La grande nouveauté de l’année 2022 porte sur le répertoire des représentants d’intérêts ou lobbies. Au 31 décembre 2021, 2 391 entités y étaient inscrites et 10 780 actions de lobbying ont été menées l’année dernière. La HATVP fera un bilan plus précis sur ce sujet « dans quelques semaines ». 

À compter du 1er juillet prochain, ce répertoire va s’étendre aux collectivités territoriales de plus de 100 000 habitants (le seuil a été augmenté par la loi 3DS). 42 communes et 130 EPCI à fiscalité propre sont désormais concernés, selon le rapport d’activité de la HATVP.. Mais l’un des gros soucis actuels de la HATVP est que le « dispositif légal reste complexe et présente de nombreuses lacunes qui nuisent gravement à la transparence de l’impact normatif du lobbying », déplore Didier Migaud. 
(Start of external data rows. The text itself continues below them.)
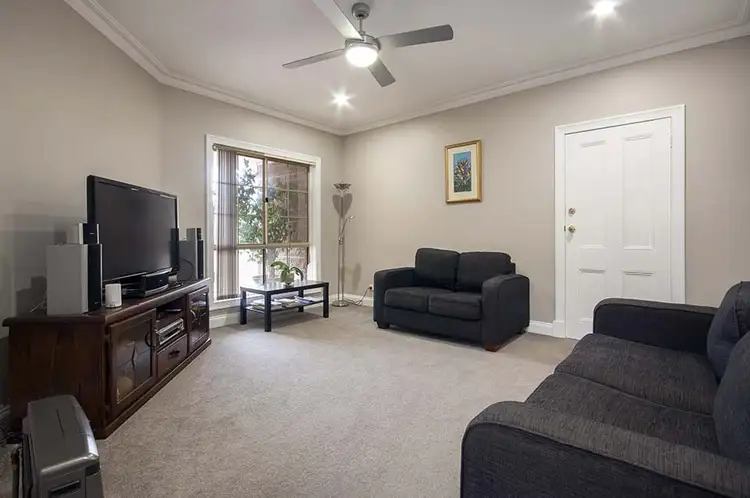 Fourth view of Homely house listing, 8 Moyle Street, Kadina SA 5554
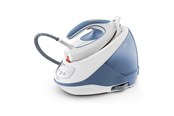 Strygning - Tefal Dampstrygejern Express Protect SV9202E0 - SV9202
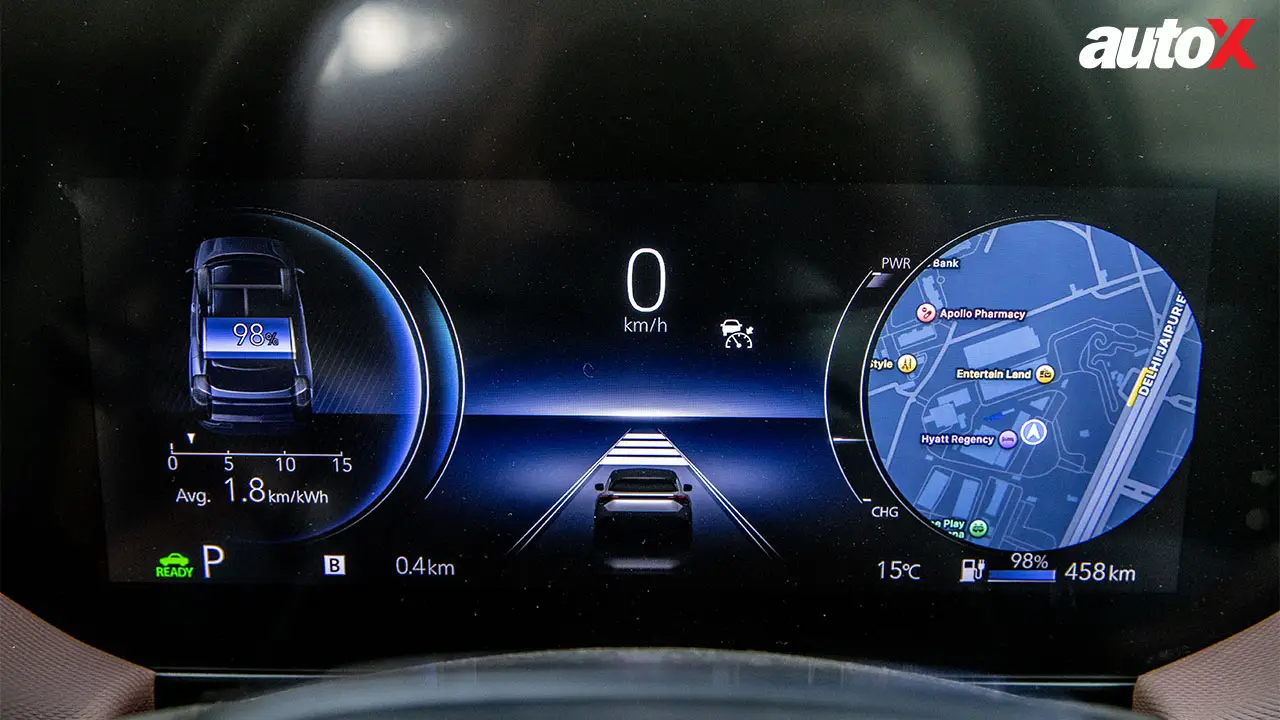Maruti Suzuki e Vitara_infotainment-screen.jpg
Créé par la loi Sapin 2 et géré par la HATVP, le répertoire numérique s’appliquera aux représentants des collectivités territoriales à compter du 1er juillet 2022. 
Concrètement, à partir du 1er juillet, les représentants d’intérêts devront retracer leurs activités de lobbying auprès des collectivités locales comptant de plus de 100 000 habitants (élus et fonctionnaires), dans le registre géré par la HATVP. 
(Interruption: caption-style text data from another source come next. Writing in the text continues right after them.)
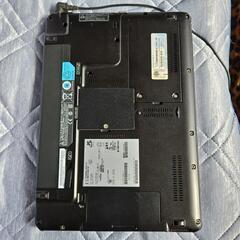 今週末まで割引、新品SSD240GB  の画像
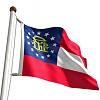 New Atlanta Member-georgiaflag.jpg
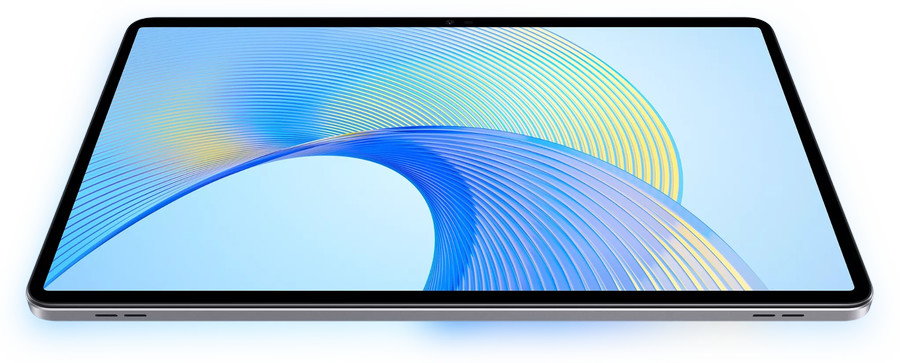 Планшет HONOR Pad X9 ELN-W09 4GB/128GB (космический серый)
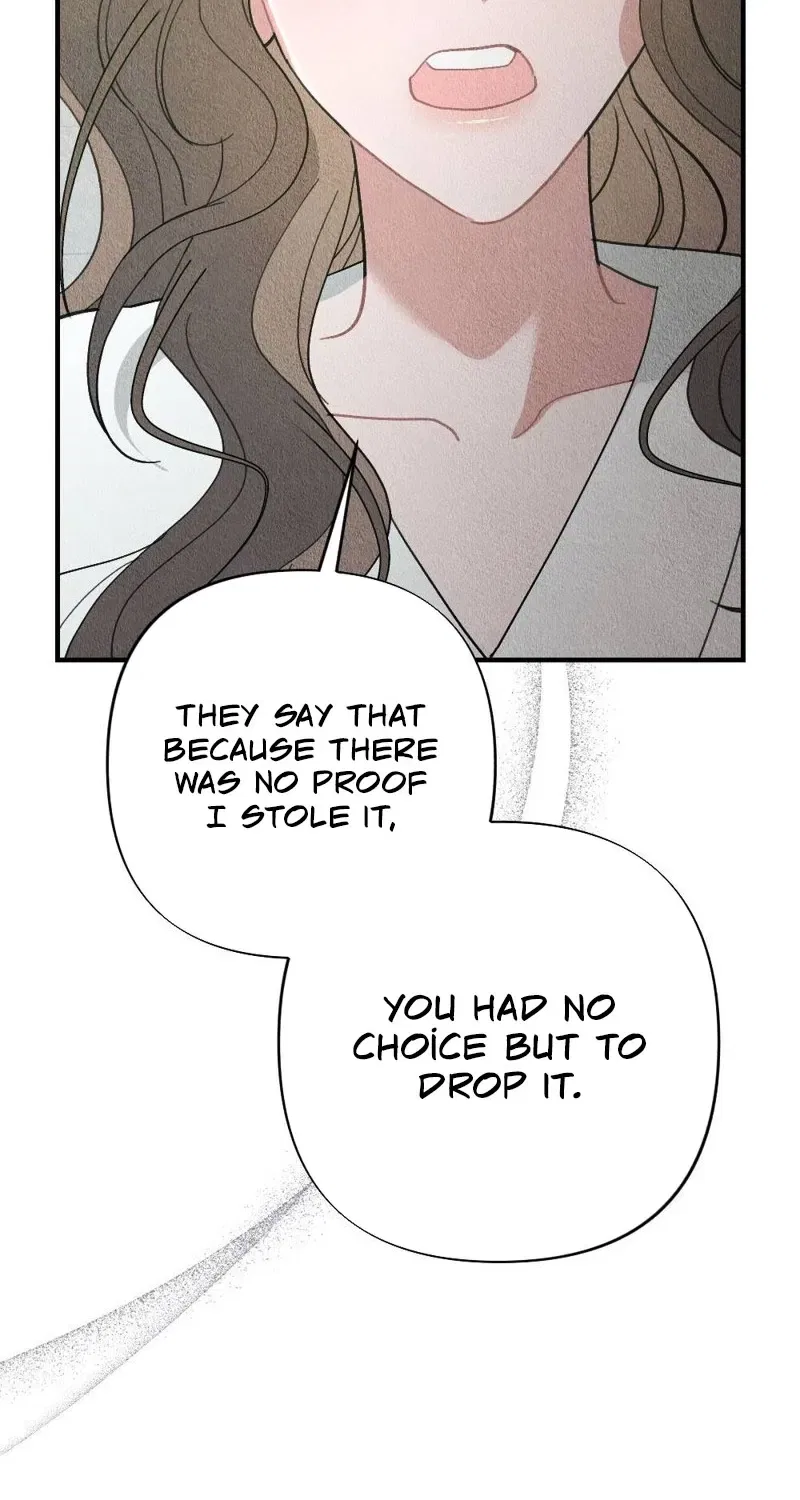 The Child You Abandoned Chapter 12 – Page 78
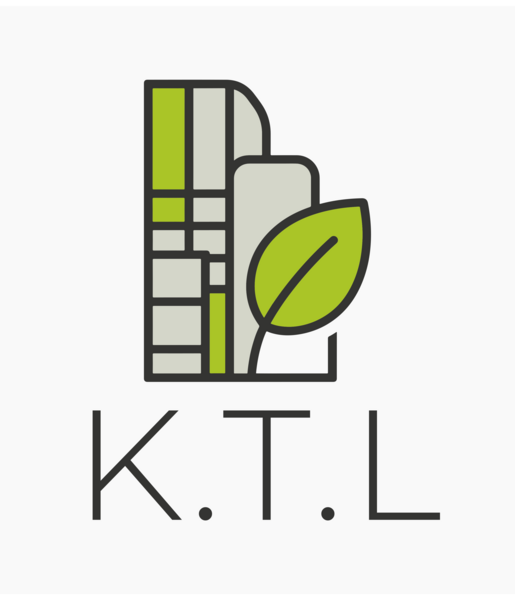 Logo K.T.L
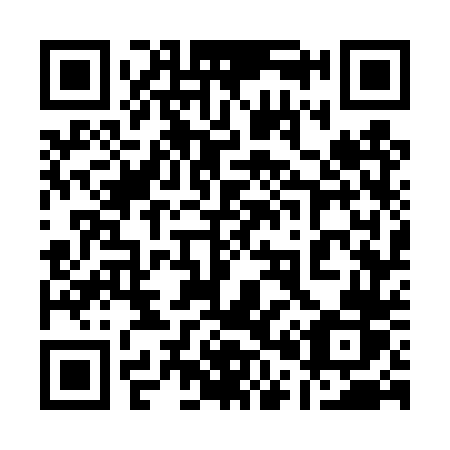 QR code for 107 4TR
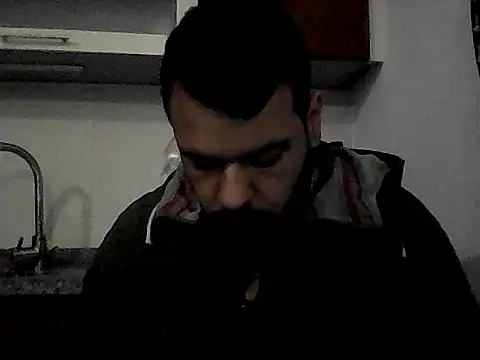 morenogih online show from 03/21/26, 06:18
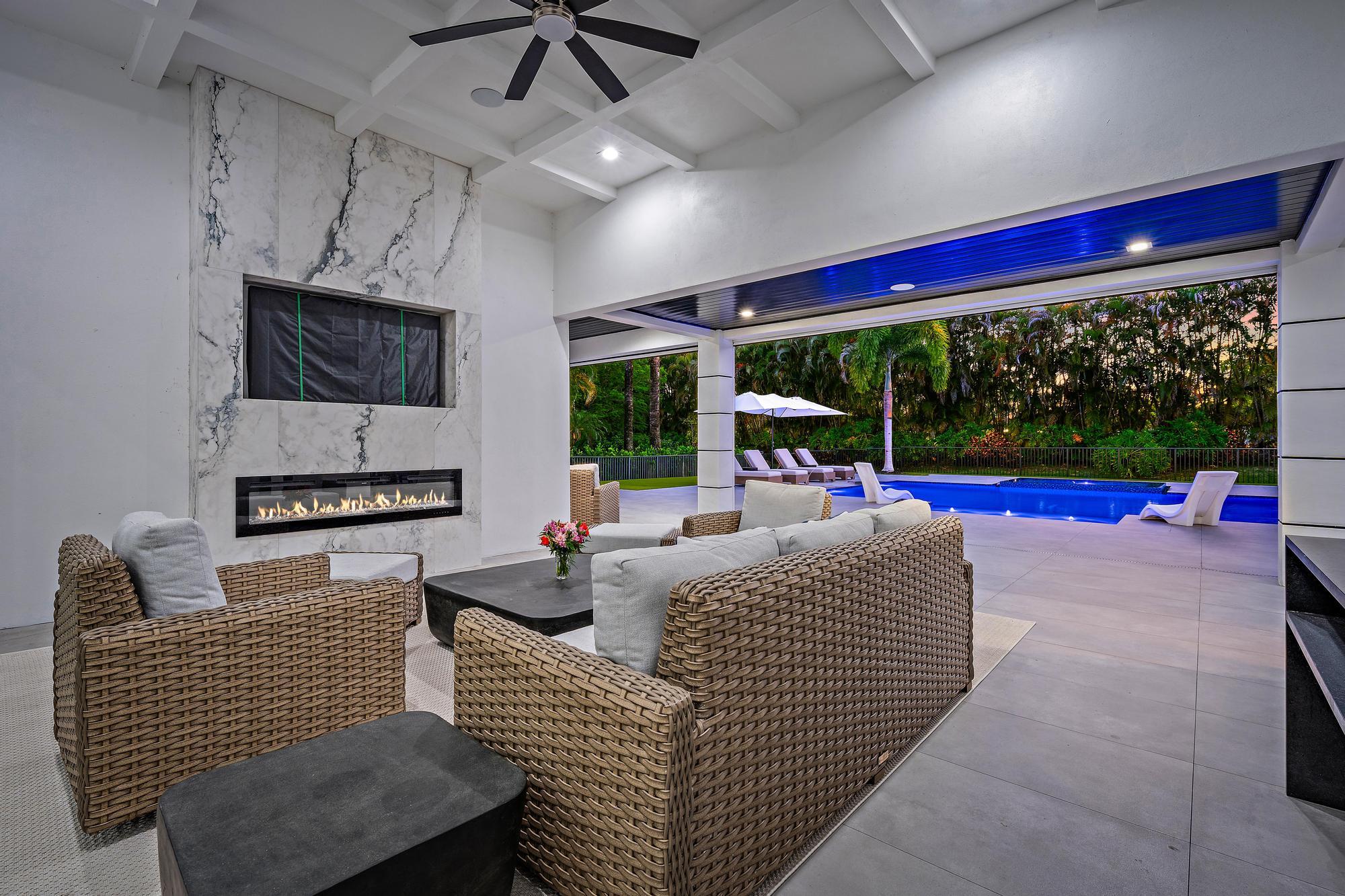 IBIS GOLF AND COUNTRY CLUB 7 - Residential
Aussi la HATVP propose d’améliorer ce registre (elle l’avait déjà fait en octobre 2021). Une réforme est d’autant plus urgente qu’avec l’élargissement du répertoire aux lobbies travaillant avec les collectivités locales, la HATVP risque de se retrouver « avec une masse d’informations ne présentant que peu d’intérêts pour les citoyens. Il faut clarifier le champ de la décision publique. Le décret actuel va à l’encontre de la volonté du législateur en ciblant un champ d’action publique très large. Or pour bien comprendre comment les lois, les règlements et les grandes décisions publiques sont pris, il faut de la transparence et donc rendre le dispositif opérant ». Un gros chantier en perspective. 

Didier Migaud souhaite qu’un texte global sur la transparence et la lutte contre la corruption puisse être discuté prochainement et « à froid », c’est-à-dire en dehors de tout scandale qui a jusqu’à maintenant précédé toutes les avancées législatives en la matière.